This syscall would also be useful to Android, since it would satisfy the
requirement for providing atomically unlinked tmpfs fds that ashmem
provides (although upstreamed solutions to ashmem's other
functionalities are still needed).

My only comment is that I think memfd_* is sort of a new namespace.
Since this is providing shmem files, it seems it might be better named
something like shmfd_create() or my earlier suggestion of shmget_fd(). 
Otherwise, when talking about functionality like sealing, which is only
available on shmfs, we'll have to say "shmfs/tmpfs/memfd" or risk
confusing folks who might not initially grasp that its all the same
underneath.

thanks
-john
Konstantin Khlebnikov April 2, 2014, 1:38 p.m. UTC | #6
On Wed, Mar 19, 2014 at 11:06 PM, David Herrmann <dh.herrmann@gmail.com> wrote:
> memfd_create() is similar to mmap(MAP_ANON), but returns a file-descriptor
> that you can pass to mmap(). It explicitly allows sealing and
> avoids any connection to user-visible mount-points. Thus, it's not
> subject to quotas on mounted file-systems, but can be used like
> malloc()'ed memory, but with a file-descriptor to it.
>
> memfd_create() does not create a front-FD, but instead returns the raw
> shmem file, so calls like ftruncate() can be used. Also calls like fstat()
> will return proper information and mark the file as regular file. Sealing
> is explicitly supported on memfds.
>
> Compared to O_TMPFILE, it does not require a tmpfs mount-point and is not
> subject to quotas and alike.

Instead of adding new syscall we can extend existing openat() a little
bit more:

openat(AT_FDSHM, "name", O_TMPFILE | O_RDWR, 0666)
David Herrmann April 2, 2014, 2:18 p.m. UTC | #7
Hi

On Wed, Apr 2, 2014 at 3:38 PM, Konstantin Khlebnikov <koct9i@gmail.com> wrote:
> On Wed, Mar 19, 2014 at 11:06 PM, David Herrmann <dh.herrmann@gmail.com> wrote:
>> memfd_create() is similar to mmap(MAP_ANON), but returns a file-descriptor
>> that you can pass to mmap().
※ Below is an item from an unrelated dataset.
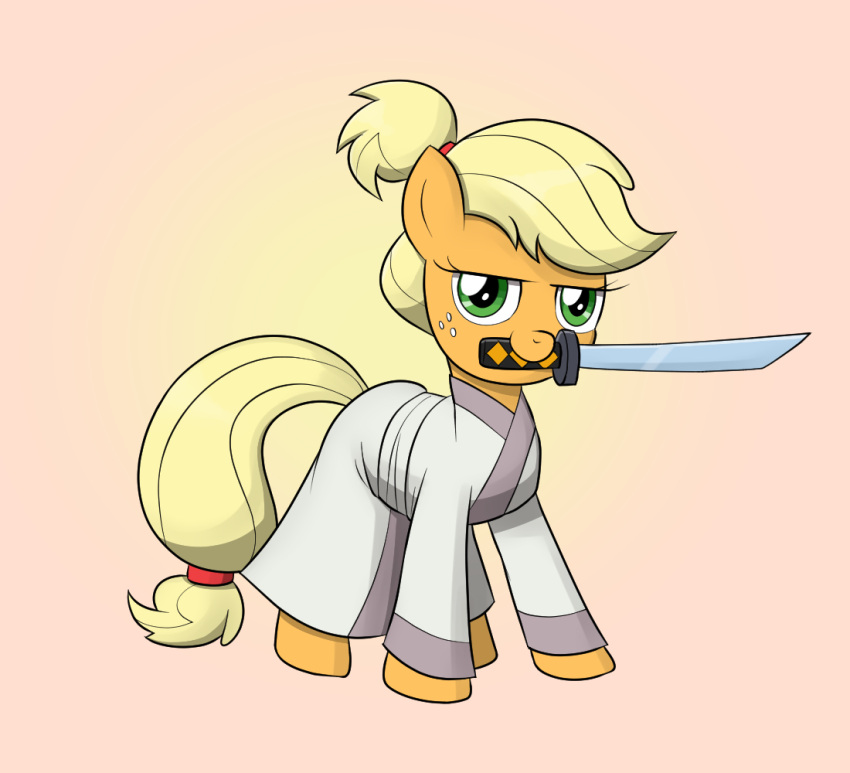 applejack_(mlp) asian_clothing blonde_mane clothing crossover earth_pony east_asian_clothing equid equine female feral freckles friendship_is_magic fur green_eyes hasbro horse japanese_clothing katana kimono looking_at_viewer mammal mane melee_weapon mew-me my_little_pony orange_body orange_fur pony samurai samurai_jack samurai_jack_(character) solo sword sword_in_mouth warrior weapon yellow_tail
It explicitly allows sealing and
>> avoids any connection to user-visible mount-points. Thus, it's not
>> subject to quotas on mounted file-systems, but can be used like
>> malloc()'ed memory, but with a file-descriptor to it.
>>
>> memfd_create() does not create a front-FD, but instead returns the raw
>> shmem file, so calls like ftruncate() can be used. Also calls like fstat()
>> will return proper information and mark the file as regular file. Sealing
>> is explicitly supported on memfds.
>>
>> Compared to O_TMPFILE, it does not require a tmpfs mount-point and is not
>> subject to quotas and alike.
>
> Instead of adding new syscall we can extend existing openat() a little
> bit more:
>
> openat(AT_FDSHM, "name", O_TMPFILE | O_RDWR, 0666)

O_TMPFILE requires an existing directory as "name". So you have to use:
  open("/run/", O_TMPFILE | O_RDWR, 0666)
instead of
  open("/run/new_file", O_TMPFILE | O_RDWR, 0666)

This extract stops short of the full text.